§ **EXERCISE AIM**
Please go line by line through the material and copy each one containing the word "Picture".
BEGIN
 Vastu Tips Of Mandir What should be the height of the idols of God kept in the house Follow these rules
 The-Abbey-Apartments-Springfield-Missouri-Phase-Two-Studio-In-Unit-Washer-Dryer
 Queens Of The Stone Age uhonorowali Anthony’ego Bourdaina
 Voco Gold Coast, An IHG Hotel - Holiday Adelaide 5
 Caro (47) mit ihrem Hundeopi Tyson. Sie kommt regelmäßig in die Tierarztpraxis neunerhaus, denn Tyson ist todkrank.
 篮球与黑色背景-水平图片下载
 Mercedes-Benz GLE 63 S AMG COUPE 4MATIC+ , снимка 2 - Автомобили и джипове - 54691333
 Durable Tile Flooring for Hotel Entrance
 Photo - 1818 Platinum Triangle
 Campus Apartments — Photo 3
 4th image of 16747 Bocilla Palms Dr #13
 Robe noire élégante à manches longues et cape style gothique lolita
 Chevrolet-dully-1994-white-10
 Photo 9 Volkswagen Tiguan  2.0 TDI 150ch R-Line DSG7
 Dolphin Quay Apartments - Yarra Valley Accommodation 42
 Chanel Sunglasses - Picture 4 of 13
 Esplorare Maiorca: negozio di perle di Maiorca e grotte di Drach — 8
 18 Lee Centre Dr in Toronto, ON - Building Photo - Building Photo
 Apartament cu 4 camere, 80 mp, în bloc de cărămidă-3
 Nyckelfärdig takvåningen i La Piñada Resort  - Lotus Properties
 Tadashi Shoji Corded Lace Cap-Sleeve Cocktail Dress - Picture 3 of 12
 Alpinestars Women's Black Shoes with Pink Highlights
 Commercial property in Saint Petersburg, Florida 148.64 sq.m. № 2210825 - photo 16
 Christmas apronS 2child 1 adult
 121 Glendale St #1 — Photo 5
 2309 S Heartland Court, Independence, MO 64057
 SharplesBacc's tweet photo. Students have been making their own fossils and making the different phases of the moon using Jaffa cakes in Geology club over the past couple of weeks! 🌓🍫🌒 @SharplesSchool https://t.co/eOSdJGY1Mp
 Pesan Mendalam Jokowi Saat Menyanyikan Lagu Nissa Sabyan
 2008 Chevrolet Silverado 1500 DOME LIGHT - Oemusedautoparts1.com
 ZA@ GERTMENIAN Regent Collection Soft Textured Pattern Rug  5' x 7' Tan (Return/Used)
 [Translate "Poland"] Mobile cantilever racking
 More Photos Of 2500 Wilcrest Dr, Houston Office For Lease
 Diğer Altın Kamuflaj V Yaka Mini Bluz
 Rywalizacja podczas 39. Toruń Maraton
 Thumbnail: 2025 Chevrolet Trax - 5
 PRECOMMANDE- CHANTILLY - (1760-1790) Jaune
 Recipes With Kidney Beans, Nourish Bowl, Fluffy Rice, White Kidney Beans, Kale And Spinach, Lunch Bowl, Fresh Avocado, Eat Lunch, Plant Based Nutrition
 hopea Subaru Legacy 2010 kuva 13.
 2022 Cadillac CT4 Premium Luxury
END
§ **OUTPUT OF THE EXERCISE**
 Chanel Sunglasses - Picture 4 of 13
 Tadashi Shoji Corded Lace Cap-Sleeve Cocktail Dress - Picture 3 of 12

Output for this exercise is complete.